___ Records for this task

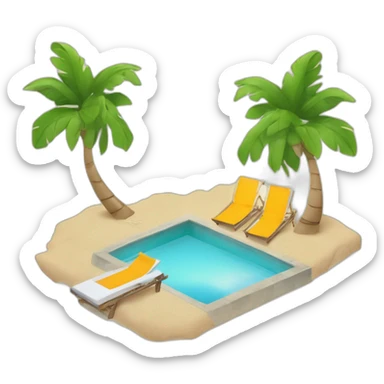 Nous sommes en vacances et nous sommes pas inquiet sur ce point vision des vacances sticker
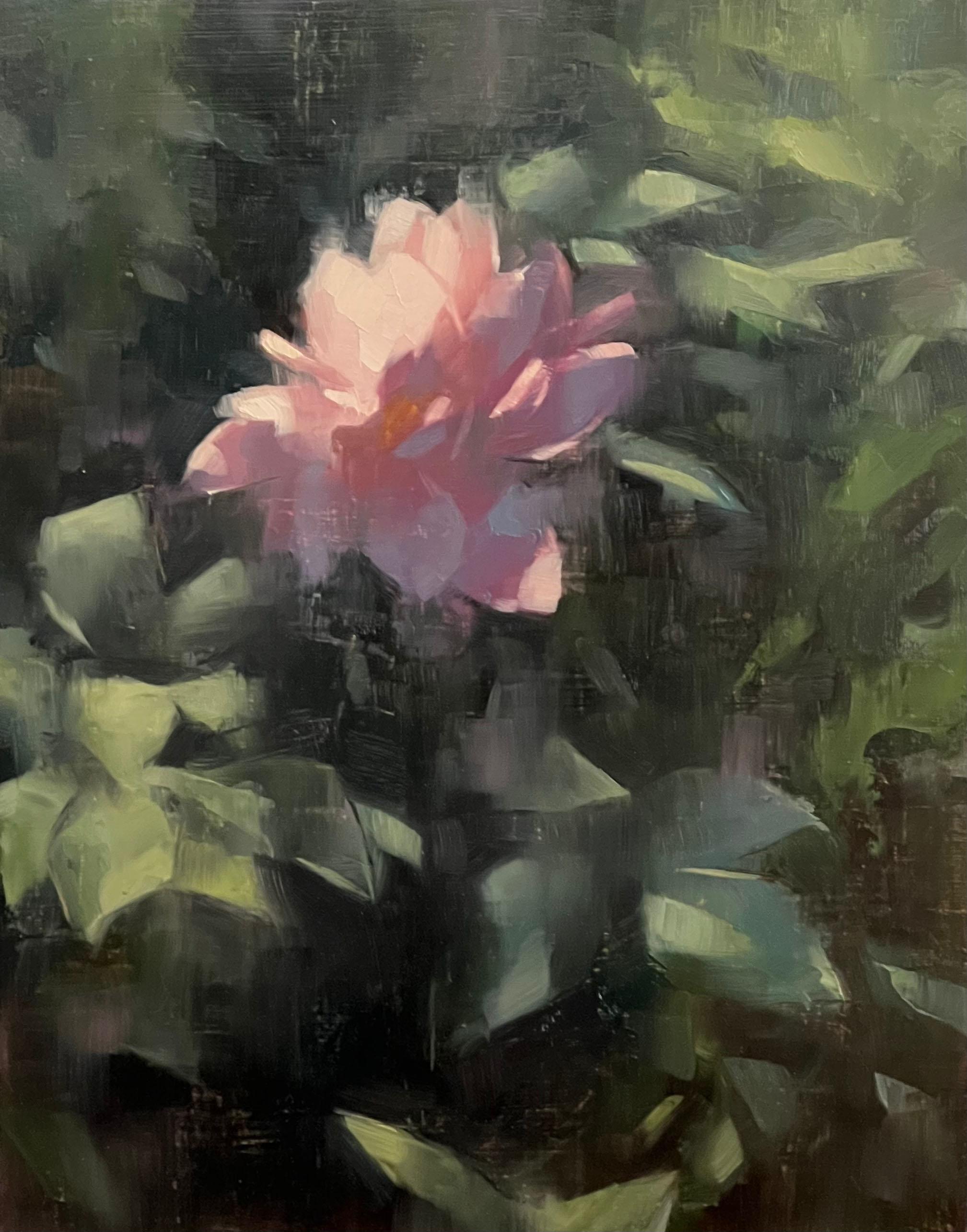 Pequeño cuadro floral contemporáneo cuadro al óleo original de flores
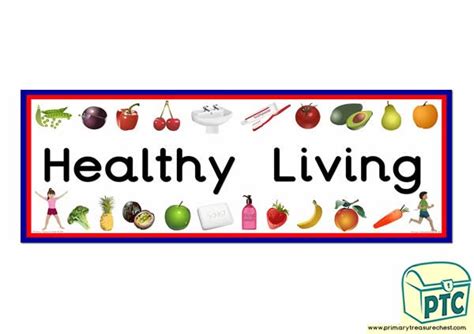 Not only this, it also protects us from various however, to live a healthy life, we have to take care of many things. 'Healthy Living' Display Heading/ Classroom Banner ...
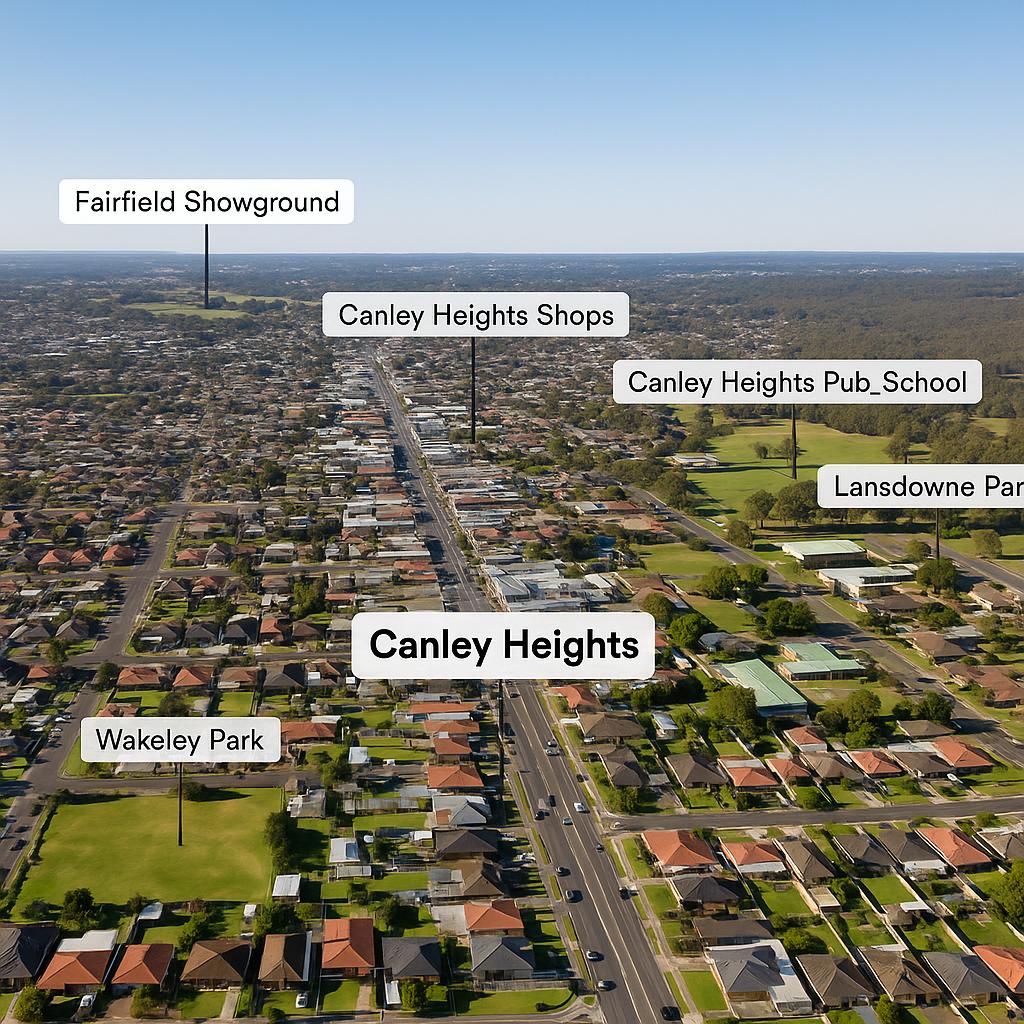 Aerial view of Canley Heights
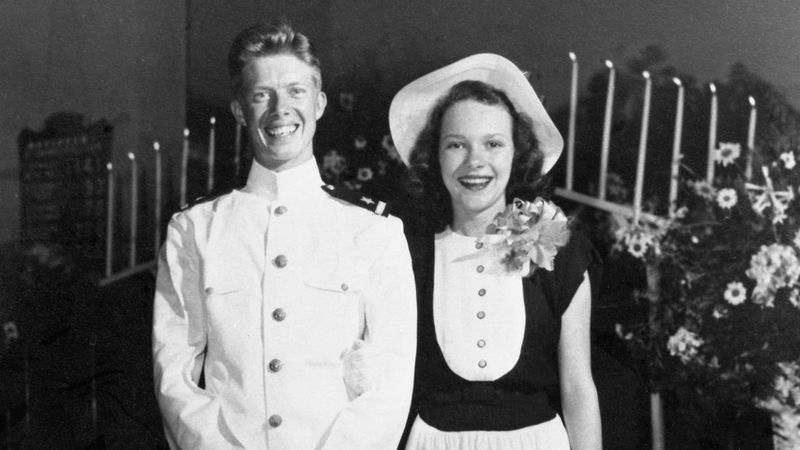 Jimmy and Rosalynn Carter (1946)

______

## [Exercise details]
Set down the data above verbatim, omitting every image.

## [Your response]
 Nous sommes en vacances et nous sommes pas inquiet sur ce point vision des vacances sticker
 Pequeño cuadro floral contemporáneo cuadro al óleo original de flores
 Not only this, it also protects us from various however, to live a healthy life, we have to take care of many things. 'Healthy Living' Display Heading/ Classroom Banner ...
 Aerial view of Canley Heights
 Jimmy and Rosalynn Carter (1946)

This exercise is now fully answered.